“Yes,” he said, “yes.”
“Pooh!” said his father. “If we understood that we’d none of us be here, neither rich nor poor. We get a little excited about it, at least you and I do, but we can’t go any further—not far enough into our own minds, I mean—and we are left weaker for the attack of all the things that drag us down and bind us fast. A little squeeze for bread and butter, and we say it doesn’t matter, but may come all in good time. I used to be rather good at poetry, could remember anything I read or heard. Can’t do that now. I used to love it. The Fourmys hate it. Lord! when I had my last row with my father, when he had said his say, I let fly at him with a page and a half of Milton and wound up with Shakespeare—you know: ‘Let me not to the marriage of true minds——’”
“I know,” said René, though he had never read the Sonnets.
“Lord! I was a young man, I was, and I went on being young for a surprisingly long time. It seemed there wasn’t anything in the world could take it from me. But it came to an end at last. How you do make me talk, to be sure! I wish you’d tell me about yourself.”
That shut René up completely. There was nothing to tell, nothing that would not dwindle and shrivel up in the telling. There was such mockery in this disturbing father of his that his timid little emotions, his shy desire to think well of him, to like him, to set what he found in him against what he knew and had heard, hid away, curled up in his mind and created a horrid congestion. But his father had a certain fascination for him, and it was a relief to get him to talk. He never did learn why the Fourmys, rich and poor, were fixed where they were in the middle-class of Thrigsby, but he did get flashes and sparks which promised elucidation, and he did begin to discover that there were worlds on worlds outside, and minds which were not afraid of thought and not wholly set on money and the good opinion of others. It was a painful mystery to him that his father’s mind should lead him on so far, give him a shining promise of beauty—though beauty was the very last word that in his shyness of himself he would have used—and then by a cruel sleight of hand present him only with caricatures of Fourmys and neighbors and George.
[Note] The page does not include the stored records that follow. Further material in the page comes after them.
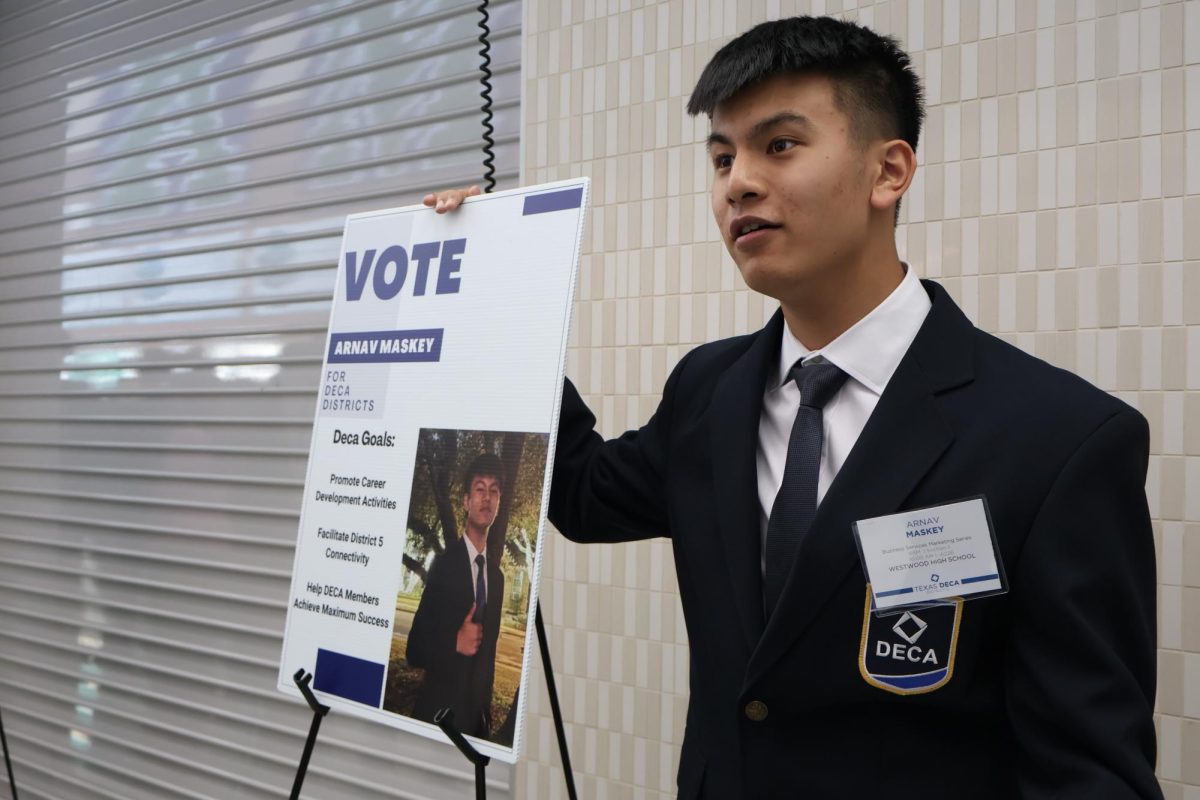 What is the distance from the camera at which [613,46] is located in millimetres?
2373

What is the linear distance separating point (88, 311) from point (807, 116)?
11.1 ft

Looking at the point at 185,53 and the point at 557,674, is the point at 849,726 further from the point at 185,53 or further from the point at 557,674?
the point at 185,53

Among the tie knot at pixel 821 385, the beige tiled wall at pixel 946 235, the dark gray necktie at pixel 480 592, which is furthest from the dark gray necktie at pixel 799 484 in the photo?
the beige tiled wall at pixel 946 235

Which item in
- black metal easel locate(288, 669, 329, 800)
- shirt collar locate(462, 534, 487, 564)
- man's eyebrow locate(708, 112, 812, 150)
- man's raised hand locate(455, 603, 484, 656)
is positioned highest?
man's eyebrow locate(708, 112, 812, 150)

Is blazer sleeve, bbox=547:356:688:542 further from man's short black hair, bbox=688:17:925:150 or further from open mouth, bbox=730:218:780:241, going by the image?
man's short black hair, bbox=688:17:925:150

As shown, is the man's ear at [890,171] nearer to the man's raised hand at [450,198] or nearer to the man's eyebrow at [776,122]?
the man's eyebrow at [776,122]

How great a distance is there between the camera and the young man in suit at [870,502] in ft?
3.67

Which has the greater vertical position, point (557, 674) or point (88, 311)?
point (88, 311)

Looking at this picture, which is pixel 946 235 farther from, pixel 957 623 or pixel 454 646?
pixel 454 646

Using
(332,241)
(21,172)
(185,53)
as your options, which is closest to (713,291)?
(332,241)

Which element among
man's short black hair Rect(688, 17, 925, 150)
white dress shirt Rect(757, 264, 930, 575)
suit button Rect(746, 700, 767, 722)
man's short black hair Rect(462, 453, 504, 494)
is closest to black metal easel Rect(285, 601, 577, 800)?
man's short black hair Rect(462, 453, 504, 494)

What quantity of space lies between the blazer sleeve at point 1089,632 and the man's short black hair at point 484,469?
2.43 ft

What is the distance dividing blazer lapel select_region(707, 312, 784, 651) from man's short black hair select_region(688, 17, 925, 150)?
1.04ft

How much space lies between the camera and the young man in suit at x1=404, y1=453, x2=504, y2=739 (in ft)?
4.98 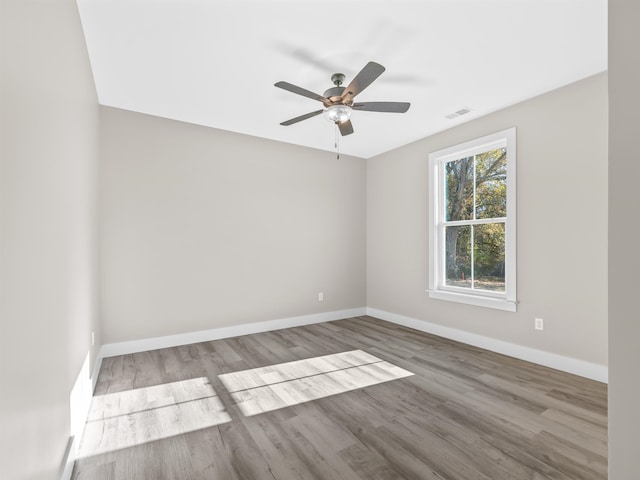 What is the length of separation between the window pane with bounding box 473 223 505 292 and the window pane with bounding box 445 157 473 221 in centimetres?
30

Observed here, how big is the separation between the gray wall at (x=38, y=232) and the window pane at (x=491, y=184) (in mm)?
3999

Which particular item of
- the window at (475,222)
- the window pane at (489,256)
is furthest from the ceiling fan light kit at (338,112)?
the window pane at (489,256)

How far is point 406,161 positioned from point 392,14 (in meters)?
2.81

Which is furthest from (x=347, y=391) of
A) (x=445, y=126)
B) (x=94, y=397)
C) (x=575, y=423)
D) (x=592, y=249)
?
(x=445, y=126)

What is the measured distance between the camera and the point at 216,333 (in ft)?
13.6

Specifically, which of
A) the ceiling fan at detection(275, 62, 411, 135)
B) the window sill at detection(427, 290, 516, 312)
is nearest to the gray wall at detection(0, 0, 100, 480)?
the ceiling fan at detection(275, 62, 411, 135)

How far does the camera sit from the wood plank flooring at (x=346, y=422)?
5.90 ft

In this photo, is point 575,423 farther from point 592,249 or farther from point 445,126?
point 445,126

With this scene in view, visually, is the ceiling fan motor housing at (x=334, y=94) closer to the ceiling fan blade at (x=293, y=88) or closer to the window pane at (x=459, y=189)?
the ceiling fan blade at (x=293, y=88)

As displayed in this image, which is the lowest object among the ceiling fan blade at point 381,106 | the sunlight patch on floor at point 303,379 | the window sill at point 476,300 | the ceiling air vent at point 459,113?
the sunlight patch on floor at point 303,379

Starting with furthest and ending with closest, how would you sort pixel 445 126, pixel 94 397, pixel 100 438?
pixel 445 126, pixel 94 397, pixel 100 438

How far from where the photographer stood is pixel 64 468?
1.62 m

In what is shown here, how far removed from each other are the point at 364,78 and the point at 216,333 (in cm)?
344

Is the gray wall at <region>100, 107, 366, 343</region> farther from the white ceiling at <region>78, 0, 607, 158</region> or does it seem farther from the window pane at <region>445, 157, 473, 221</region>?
the window pane at <region>445, 157, 473, 221</region> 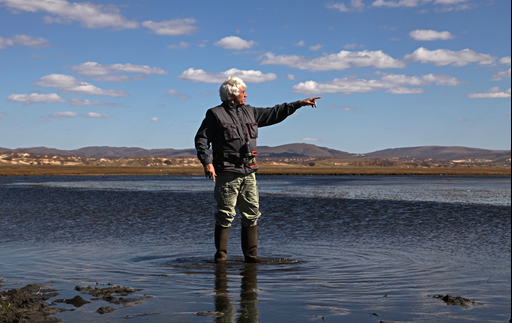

Mr. Fourmy on his elder son is worth quoting. He said:
“George is a reg’lar Fourmy, a thorough Unitarian. They want one God. George desires to live in the worship of the one flesh.”
He seemed to like George, was often at The Nest, and when George and Elsie came to them there was tapped in the queer man a vein of ribaldry which made René, even as he laughed, blush that such things could be said before a woman.